Criticism raises several objections against the truth of the fact related in ver. Luke 1:1 st, No historian of the time mentions such a decree of Augustus. 2 d, On the supposition that Augustus had issued such an edict, it would not have been applicable to the states of Herod in general, nor to Judea in particular, since this country was not reduced to a Roman province until ten or eleven years later the year 6 of our era. 3 d, A Roman edict, executed within the states of Herod, must have been executed according to Roman forms; and according to these, it would have been in no way necessary for Joseph to put in an appearance at Bethlehem; for, according to Roman law, registration was made at the place of birth or residence, and not at the place where the family originated. 4 th, Even admitting the necessity of removal in the case of Joseph, this obligation did not extend to Mary, who, as a woman, was not liable to registration.

In order to meet some of these difficulties, Hug has limited the meaning of the words, all the earth, to Palestine. But the connection of this expression with the name Caesar Augustus will not allow of our accepting this explanation; besides which, it leaves several of the difficulties indicated untouched. The reader who feels any confidence in Luke's narrative, and who is desirous of solving its difficulties, will find, we think, a solution resulting from the following facts:

From the commencement of his reign, Augustus always aimed at a stronger centralization of the empire. Already, under Julius Caesar, there had been undertaken, with a view to a more exact assessment of taxation, a great statistical work, a complete survey of the empire, descriptio orbis. This work, which occupied thirty-two years, was only finished under Augustus. This prince never ceased to labour in the same direction. After his death, Tiberius caused to be read in the Senate, in accordance with instructions contained in the will of Augustus, a statistical document, which applied not only to the empire properly so called, but also to the allied kingdoms, a category to which the states of Herod belonged. This document, called Breviarium totius imperii, was written entirely by Augustus' own hand. It gave “the number of the citizens and of allies under arms, of the fleets, of the kingdoms, of the provinces, of the tributes or taxes. ” The compilation of such a document as this necessarily supposes a previous statistical labour, comprehending not only the empire proper, but also the allied states. And if Augustus had ordered this work, Herod, whose kingdom belonged to the number of regna reddita, could not have refused to take part in it.
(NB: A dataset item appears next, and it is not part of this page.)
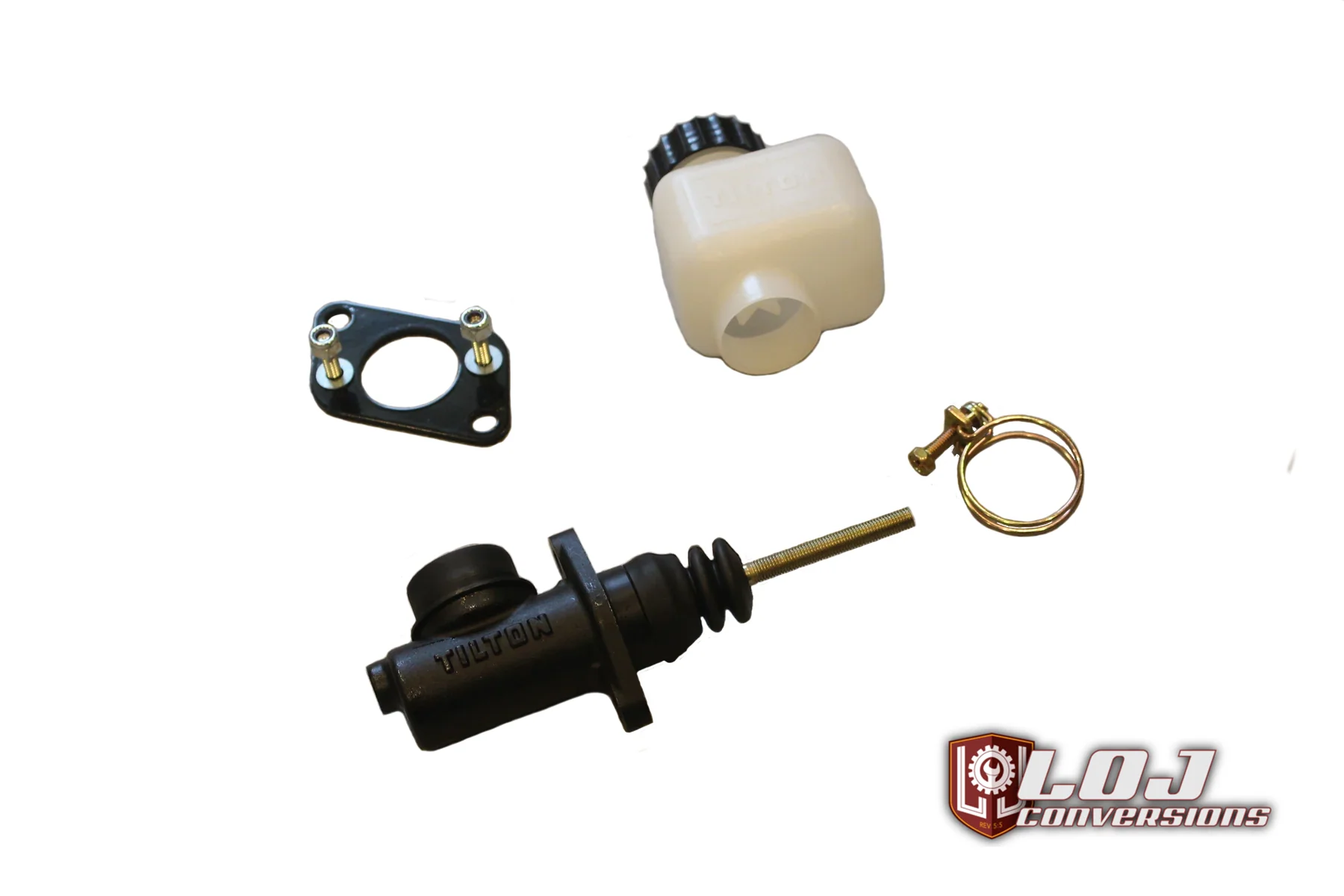 300ZX T56 Clutch Hydraulic Conversion Kit
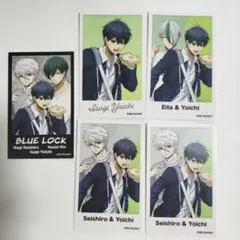 ブルーロック　スナップ風カード　潔世一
The silence of historians in regard to this fact proves simply nothing against its reality. Wieseler gives a host of examples of similar omissions. The great statistical work previously accomplished by Julius Caesar, and about which no one can entertain a doubt, is not noticed by any historian of the time. Josephus, in his Jewish War, written before his Antiquities, when giving an account of the government of Coponius, does not mention even the census of Quirinius. Then it must not be forgotten that one of our principal sources for the life of Augustus, Dion Cassius, presents a blank for just the years 748-750 U.C.

Besides, this silence is amply compensated for by the positive information we find in later writers. Thus, Tertullian mentions, as a well-known fact, “the census taken in Judea under Augustus by Sentius Saturnius,” that is to say, from 744-748 U.C., and consequently only a short time before the death of Herod in 750. The accounts of Cassiodorus and Suidas leave no doubt as to the great statistical labours accomplished by the orders of Augustus. The latter says expressly: “Caesar Augustus, having chosen twenty men of the greatest ability, sent them into all the countries of the subject nations (τῶν ὑπηκόων), and caused them to make a registration (ἀπογραφάς) of men and property (τῶντε ἀνθρώπων καὶ οὐσιῶν).” These details are not furnished by Luke. And if the task of these commissioners specially referred, as Suidas says, to the subject nations, the omission of all mention of this measure in the historians of the time is more easily accounted for.

Surprise is expressed at an edict of Augustus having reference to the states of Herod. But Herod's independence was only relative. There is no money known to have been coined in his name; the silver coin circulating in his dominions was Roman. From the time of the taking of Jerusalem by Pompey, the Jews paid the Romans a double tribute, a polltax and a land-tax. Tacitus also speaks of complaints from Syria and Judea against the taxes which burdened them. Further, the Jews had quite recently, according to Josephus, been obliged to take individually an oath of obedience to the emperor (Antiq. 17.2. 4). The application of a decree of Augustus to the dominions of Herod, a simple vassal of the emperor, presents, therefore, nothing improbable. Only it is evident that the emperor, in the execution of the decree, would take care to respect in form the sovereignty of the king, and to execute it altogether by his instrumentality. Besides, it was the custom of the Romans, especially in their fiscal measures, always to act by means of the local authorities, and to conform as far as possible to national usages. Augustus would not depart from this method in regard to Herod, who was generally an object of favour.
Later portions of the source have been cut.